Countless studies and climate models developed over the past several decades have revealed the dire state of our planet, with even worse things to come if we fail to take urgent and decisive action to curb global warming. Regardless of our efforts, however, some irreversible change is already underway – a new study, released on Monday in the Proceedings of the National Academy of Sciences indicates that Miami, New Orleans and many other iconic coastal cities in the US might soon be swallowed by rising sea levels no matter what we do.
Scientists have already established that if we do nothing to reduce our reliance of burning dead dinosaurs up to the year 2100, the planet will face sea level rise of 4.3 to 9.9 metres, said lead author Ben Strauss, Vice President for sea level and climate impacts at Climate Central.
“Just think of a pile of ice in a warm room. You know it is going to melt, but it is harder to say how quickly.”
The authors projected business-as-usual carbon emissions, in addition to the complication of the melting West Antarctic ice sheet, for at-risk land where more than 20 million people reside.
They also considered what might happen if the world were to make a big turnaround, reaching peak carbon emissions by 2020 – a radical scenario that would have to occur far earlier than the current aim of some world powers to peak by 2050.
An online tool that shows which US cities may face “lock-in dates beyond which the cumulative effects of carbon emissions likely commit them to long-term sea-level rise that could submerge land under more than half of the city’s population” has been released.
Based on the new model, Norfolk, Virginia faces a lock-in date of 2045 under a scenario of unabated carbon emissions, while cities like Miami and New Orleans have exceeded the limit already.
“In our analysis, a lot of cities have futures that depend on our carbon choices but some appear to be already lost. And it is hard to imagine how we could defend Miami in the long run,“ said Strauss.
The state of Florida has the most cities at risk from sea level rise, followed by California, Louisiana and New York.
That said, reducing carbon emissions to the levels seen in the 1950s by 2050 could still make a big difference.

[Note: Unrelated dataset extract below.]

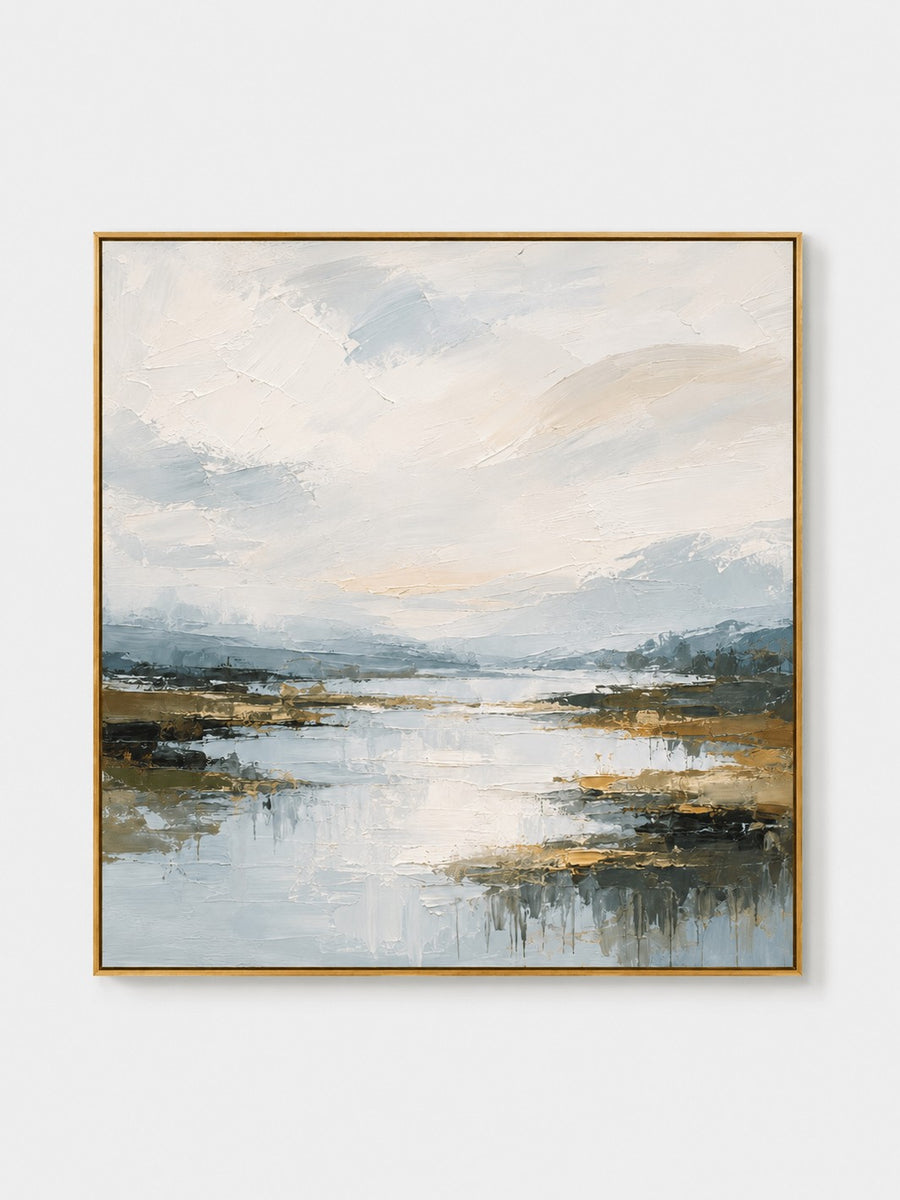 Modern Textured Landscape Wall Art, Quiet Blue River Valley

Under this scenario, a total of 14 cities with more than 100,000 residents could avoid locking in this century, including Jacksonville, Florida; Chesapeake, Norfolk; Virginia Beach in Virginia; and Sacramento and Stockton in California.
According to Michael Mann, a well-known author on climate change, the study provides a “better quantification of the detrimental impacts of the magnitude of sea level rise we may commit to in the decades ahead if we continue with business-as-usual policies of fossil fuel burning”.
A global version of the online tool is expected to roll out by next month.